Cidades
A cidade
tem uma belíssima luz sobre as colinas.
Tem ruas estreitas e íngremes, avenidas largas, terreiros grandes.
Tem jardins verdes e parques floridos. Um castelo ali ao cimo e palácios dispersos.
Tem varandas forjadas com ferro e sardinheiras, telhados com clarabóias, frontarias com azulejos bonitos.
Tem casas, muitas casas, algumas degradadas, muitas muitas vazias.
E alguns de nós a viver em barracas
Tem coisas boas e más. É complicada.
A cidade
tem o toque dos sinos e o canto dos pássaros, o riso das crianças e as gargalhadas novas.

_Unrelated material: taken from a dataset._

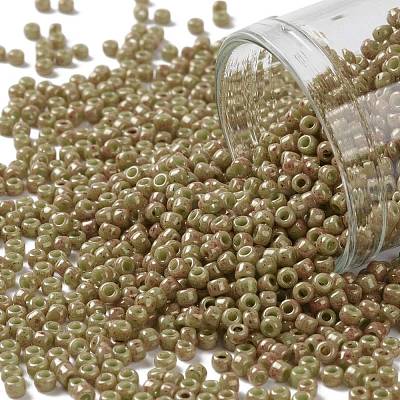 TOHO Round Seed Beads SEED-JPTR11-1209-1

Tem buzinadelas, chiar de travões, gritos de dor, estouros de choques mortais.
Tem coisas boas e más. É complicada.
A cidade
tem frutos saborosos, hortaliças viçosas à venda na rua do bairro, na loja da esquina.
Tem fontes que jorram água tratada e chafarizes simpáticos que tratam as sedes.
Mas na minha casa ainda não há canos nem torneiras.
Tem coisas boas e más. É complicada.
A cidade
tem perfumes de terra molhada e de castanha assada misturados no ar.
Tem os gases dos escapes a entranharem-se nas narinas e, na beira do rio, um cheiro a esgoto igual ao que às vezes inunda a minha sala de aula no barracão de madeira.
Tem coisas boas e más. É complicada.
A cidade
tem calor e frio raramente excessivo.
Tem brisas meigas e, às vezes, ventos bravios que despenteiam, empurram e levantam as saias.
Tem chuvas brincalhonas que gostamos de apanhar na cara, no cabelo, nas mãos a caminho da escola.
Às vezes tem aguaceiros tão fortes que tranformam a minha rua em lama e fazem sair um exército organizado de bacias e baldes para impedir a inundação lá em casa.
Tem coisas boas e más. É complicada.
A cidade está longe de nós que vivemos no subúrbio.
Graças ao Centro Nacional de Cultura e a este amável convite do senhor Presidente pudemos visitá-la mais duas vezes. De outro modo a cidade custa-nos uns quantos euros de que raramente dispomos. Assim, vamos contando, a maioria de nós ainda pelos dedos, as vezes que mergulhámos nela.
A cidade é para nós distante e estranha.
Mas a cidade e os seus arredores têm muita gente a andar e a correr, a viver e a pensar. Por isso, um dia vamos pensar tão bem que vamos resolver as coisas más e tornar simples o que parece complicado.
E não vamos mais ser estranhos à cidade.
Há uns anos atrás, uma das minhas turmas participou num programa de visitas à cidade do Centro Nacional de Cultura. Foi depois convidada para uma recepção na Presidência da República que juntaria as turmas das diversas escolas que tinham entrado naquele programa.Tínhamos trabalhado os sentidos e, com os alunos, escrevi este texto que representou a escola. Não representou, afinal, os meus alunos, que esses, tal como eu, foram proibidos pela gestão da escola de ir até Belém, de percorrer mais uma vez a cidade.
Mas não é esse triste episódio criminoso que me interessa esmiuçar agora.
Agora é tempo de eleições para a autarquia de Lisboa e chamo o texto para chamar a atenção para este assunto - a gente nova e a cidade.
É verdade que o preço dos transportes impede os jovens de se apoderarem da cidade. Os meus alunos , que vivem paredes meias com Lisboa, não conhecem a cidade. Sublinhei porque esta é uma realidade ignorada. E, naturalmente, aqueles poucos que têm a sorte de numa parte das férias acompanharem sobretudo as mães aos empregos em Lisboa distinguem-se imediatamente - essa experiência acrescenta-lhes a sabedoria. Ainda hoje no autocarro em que circulei na cidade, pela uma da tarde, viajavam oito passageiros. Nenhum deles jovem. Uma tristeza, um desperdício. Há cidades na Europa onde o transporte é gratuito para os mais novos e isso conduz a um reforço de cidadania, ao alargar das aprendizagens.
É verdade também que, quando crescem, muitos deles vêm trabalhar para Lisboa mas não podem instalar-se na cidade. Os preços proibitivos dos alojamentos obriga-os a manterem-se na casa clandestina do subúrbio, apesar de também já cara. Uma especulação conduz à outra. E ali, por um barraco discretamente construído numas traseiras, feito de tijolos de humidade e mofo, paga-se 300 ou 400 euros de aluguer. Sem recibo, claro. E com a cidade esvaziada.